Hayranlarınız sizi daha çok Game of Thrones‘taki sadist Ramsay Bolton olarak tanıyordur. Those About to Die‘daki karakteriniz de sert ama aynı yolda değiller bence.
Kesinlikle evet. Ramsay tam bir psikopattı, kimseyi umursamaz, acı vermekten hoşlanır. Tenax daha çok çevresinin şekillendirdiği biri. Roma sokaklarında büyümüş ve kendini geliştirmiş. Senaryoyu okurken öyle olabileceğinden korktum ama sadist değil. Tenax, kendisiyle aynı şartlarda büyüyen yetim çocuklara bakıyor ve dizi ilerledikçe gardını biraz indiriyor. Kötü bir adam değil bence.
Sara Martins ile kimyanızı da sevdim. Tenax’ın en iyi arkadaşının, çalışanlarından biri yani Martins’in karakteri Cala olmasına nasıl bakıyorsunuz?

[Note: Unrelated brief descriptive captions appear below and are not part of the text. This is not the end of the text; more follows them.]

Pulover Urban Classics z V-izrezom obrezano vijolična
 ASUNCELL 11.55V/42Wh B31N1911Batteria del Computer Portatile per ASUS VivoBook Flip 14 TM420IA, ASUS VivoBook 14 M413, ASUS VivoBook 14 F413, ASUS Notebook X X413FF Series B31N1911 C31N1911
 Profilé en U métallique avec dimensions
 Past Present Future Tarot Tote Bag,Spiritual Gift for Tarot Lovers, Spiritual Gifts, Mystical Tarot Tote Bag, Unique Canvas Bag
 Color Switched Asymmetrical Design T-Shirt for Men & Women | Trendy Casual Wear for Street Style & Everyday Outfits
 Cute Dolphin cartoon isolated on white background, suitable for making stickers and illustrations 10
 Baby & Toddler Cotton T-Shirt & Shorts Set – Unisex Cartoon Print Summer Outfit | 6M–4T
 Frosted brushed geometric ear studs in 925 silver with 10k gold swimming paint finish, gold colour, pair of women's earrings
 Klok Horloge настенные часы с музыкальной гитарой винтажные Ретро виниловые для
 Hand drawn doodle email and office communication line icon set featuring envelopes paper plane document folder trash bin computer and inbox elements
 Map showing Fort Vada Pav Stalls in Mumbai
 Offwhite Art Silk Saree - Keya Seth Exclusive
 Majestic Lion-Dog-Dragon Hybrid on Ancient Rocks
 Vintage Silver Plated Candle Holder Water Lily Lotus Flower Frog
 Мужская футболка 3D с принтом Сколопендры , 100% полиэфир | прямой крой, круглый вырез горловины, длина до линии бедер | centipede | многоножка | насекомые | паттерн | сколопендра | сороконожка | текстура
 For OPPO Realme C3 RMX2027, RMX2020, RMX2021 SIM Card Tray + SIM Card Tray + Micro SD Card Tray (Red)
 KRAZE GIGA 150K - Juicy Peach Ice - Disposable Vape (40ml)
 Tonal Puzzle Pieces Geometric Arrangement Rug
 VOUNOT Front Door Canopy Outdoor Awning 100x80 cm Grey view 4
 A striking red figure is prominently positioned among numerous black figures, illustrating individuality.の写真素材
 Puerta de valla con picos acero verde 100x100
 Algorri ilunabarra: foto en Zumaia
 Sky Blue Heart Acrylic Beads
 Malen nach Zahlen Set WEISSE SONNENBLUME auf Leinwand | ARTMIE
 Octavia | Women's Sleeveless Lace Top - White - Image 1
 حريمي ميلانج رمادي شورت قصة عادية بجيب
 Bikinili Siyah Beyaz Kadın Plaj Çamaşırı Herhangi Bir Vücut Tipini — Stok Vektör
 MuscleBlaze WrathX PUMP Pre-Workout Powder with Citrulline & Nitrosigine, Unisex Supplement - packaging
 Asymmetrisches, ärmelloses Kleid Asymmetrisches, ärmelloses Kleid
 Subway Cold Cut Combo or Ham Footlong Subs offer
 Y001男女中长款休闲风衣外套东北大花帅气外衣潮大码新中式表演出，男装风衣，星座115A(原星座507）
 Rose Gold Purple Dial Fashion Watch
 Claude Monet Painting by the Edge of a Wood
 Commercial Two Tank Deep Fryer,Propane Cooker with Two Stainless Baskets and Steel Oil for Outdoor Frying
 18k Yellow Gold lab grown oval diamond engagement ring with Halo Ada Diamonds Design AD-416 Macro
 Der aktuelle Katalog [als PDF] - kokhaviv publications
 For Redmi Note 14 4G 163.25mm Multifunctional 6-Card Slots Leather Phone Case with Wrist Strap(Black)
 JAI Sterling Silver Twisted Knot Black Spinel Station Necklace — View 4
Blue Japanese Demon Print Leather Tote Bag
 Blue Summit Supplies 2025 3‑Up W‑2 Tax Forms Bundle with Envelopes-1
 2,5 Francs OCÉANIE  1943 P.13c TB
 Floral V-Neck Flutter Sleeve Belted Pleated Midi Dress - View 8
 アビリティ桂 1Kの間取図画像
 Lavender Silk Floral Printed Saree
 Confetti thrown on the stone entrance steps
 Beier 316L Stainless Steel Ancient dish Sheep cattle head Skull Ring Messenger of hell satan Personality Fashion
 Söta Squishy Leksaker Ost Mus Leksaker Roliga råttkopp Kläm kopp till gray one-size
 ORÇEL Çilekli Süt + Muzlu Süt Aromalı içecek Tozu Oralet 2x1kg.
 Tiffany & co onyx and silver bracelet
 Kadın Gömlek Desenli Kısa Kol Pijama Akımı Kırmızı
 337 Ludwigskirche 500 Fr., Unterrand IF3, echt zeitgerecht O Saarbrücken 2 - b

Muhtemelen ona karşı dürüst olan tek kişi Cala. Arkadaşı yok. O yalnız bir kurt. İnsanları hayatına almıyor. Acımasız bir insan, ahlaki açıdan kendisini sorgulamak zorunda değil. Ama bir çeşit arkadaşa sahip olmak onun için oldukça önemli. Özellikle yalan söylemeyen ve motivasyonu tamamen saf olan biri. Herkes oyun oynuyor ama Cala oynamıyor.
Dönem kostümlerinin zorlukları var mı peki, kostümler hakkında ne düşünüyorsunuz? Çünkü bu yüzyılda dünyamızda moda trendi çılgına dönüyor. O dönemin kostümleri daha rahat ve kullanışlı değil mi? Haklı mıyım?
Kostümlerin güzel ve çok iyi tasarlanmış olması açısından öyle olduğunu düşünüyorum ama sanırım pelerinler biraz fazla olabilir. Çekim yaparken bile zordu. Çünkü sürekli hareket ediyorlar. Temelde tutturulması gerekiyordu çünkü sürekliliği sağlamak çok zor, bu yüzden her sabah çekime başlamadan onları üzerime dikerek sabitliyorlardı. Bir süre sonra gerçekten akıllıca yollar buldum ve rahat ettim. Ama o kadar da pratik değil bence.